→ Extracted information:
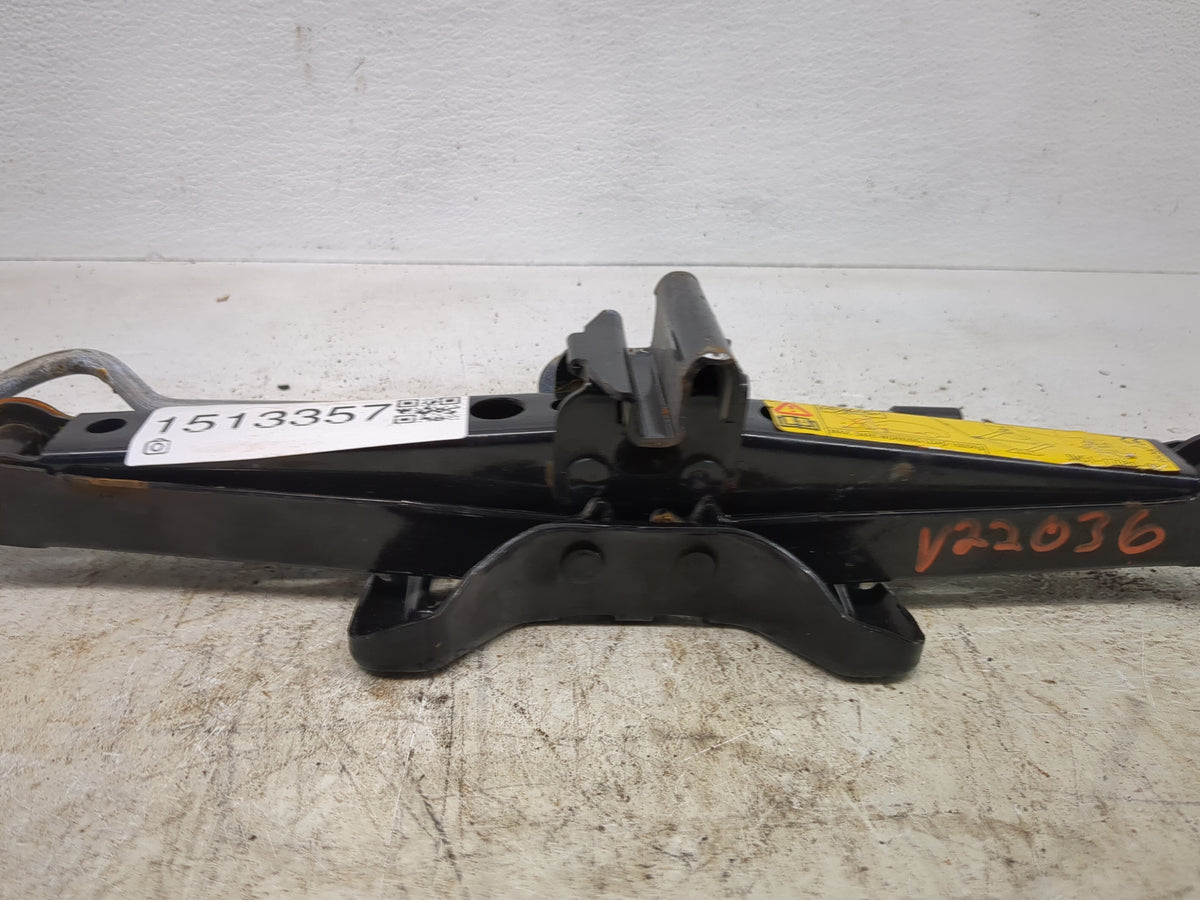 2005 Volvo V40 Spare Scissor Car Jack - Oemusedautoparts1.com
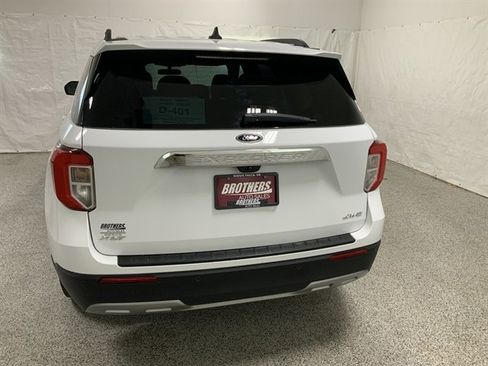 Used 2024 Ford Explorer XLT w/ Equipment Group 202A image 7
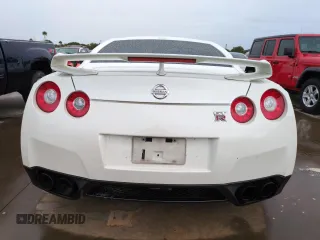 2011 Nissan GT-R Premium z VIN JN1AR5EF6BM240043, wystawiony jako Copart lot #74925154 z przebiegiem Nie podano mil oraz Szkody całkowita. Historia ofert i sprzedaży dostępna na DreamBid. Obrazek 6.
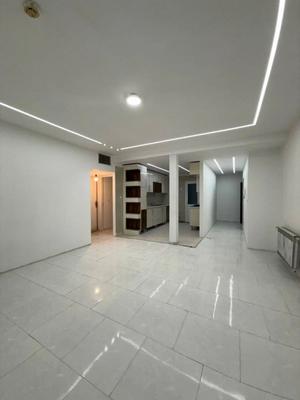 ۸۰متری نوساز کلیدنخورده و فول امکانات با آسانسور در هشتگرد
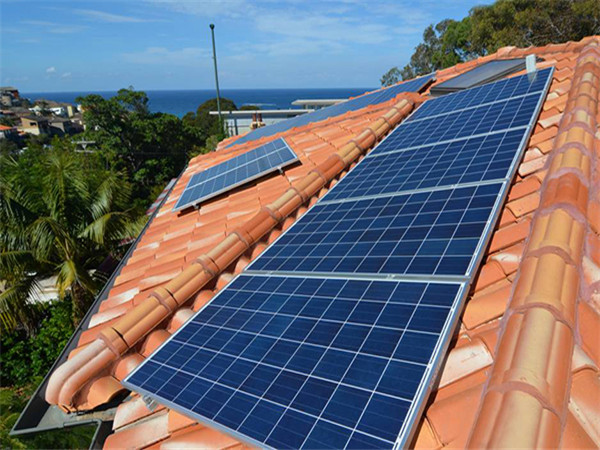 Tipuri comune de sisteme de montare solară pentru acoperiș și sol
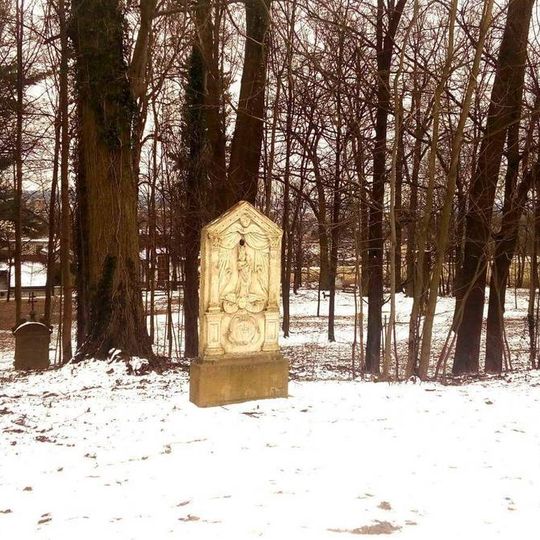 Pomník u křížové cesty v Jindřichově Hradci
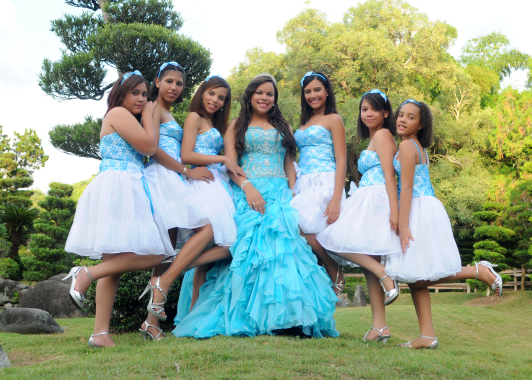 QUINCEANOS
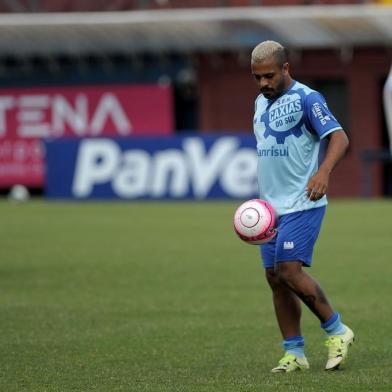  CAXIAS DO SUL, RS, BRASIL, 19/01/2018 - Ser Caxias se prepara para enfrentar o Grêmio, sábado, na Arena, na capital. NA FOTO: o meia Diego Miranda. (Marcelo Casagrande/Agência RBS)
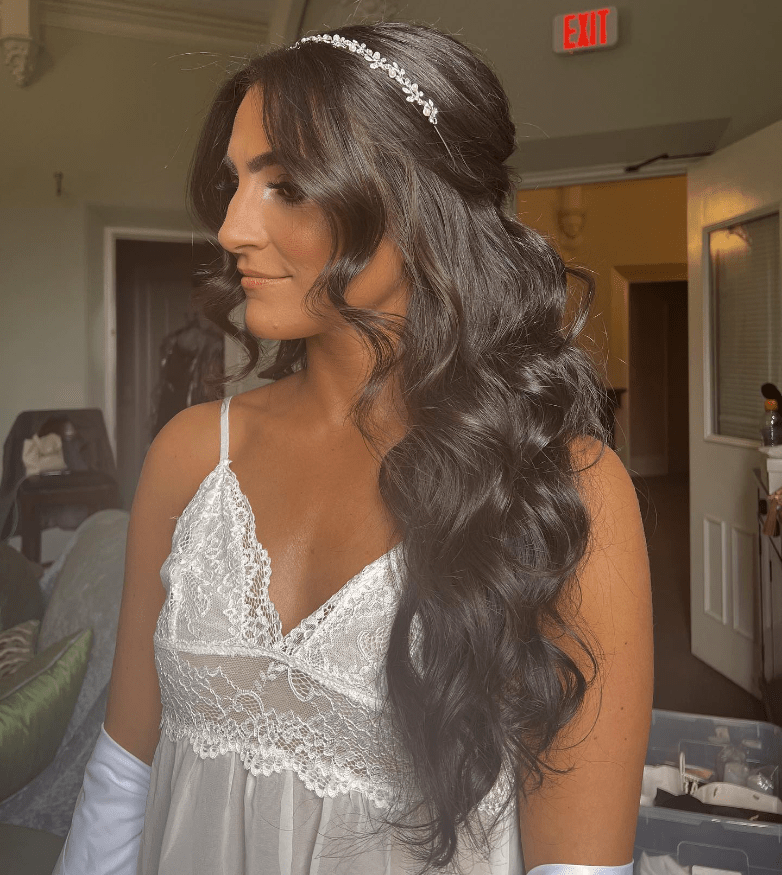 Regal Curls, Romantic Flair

→ Work task: Only the lines from the one containing "Tipuri comune de" through the last line of the entries, both included, should be repeated exactly, and the pictures should be left out.

→ Answer to this exercise:
 Tipuri comune de sisteme de montare solară pentru acoperiș și sol
 Pomník u křížové cesty v Jindřichově Hradci
 QUINCEANOS
  CAXIAS DO SUL, RS, BRASIL, 19/01/2018 - Ser Caxias se prepara para enfrentar o Grêmio, sábado, na Arena, na capital. NA FOTO: o meia Diego Miranda. (Marcelo Casagrande/Agência RBS)
 Regal Curls, Romantic Flair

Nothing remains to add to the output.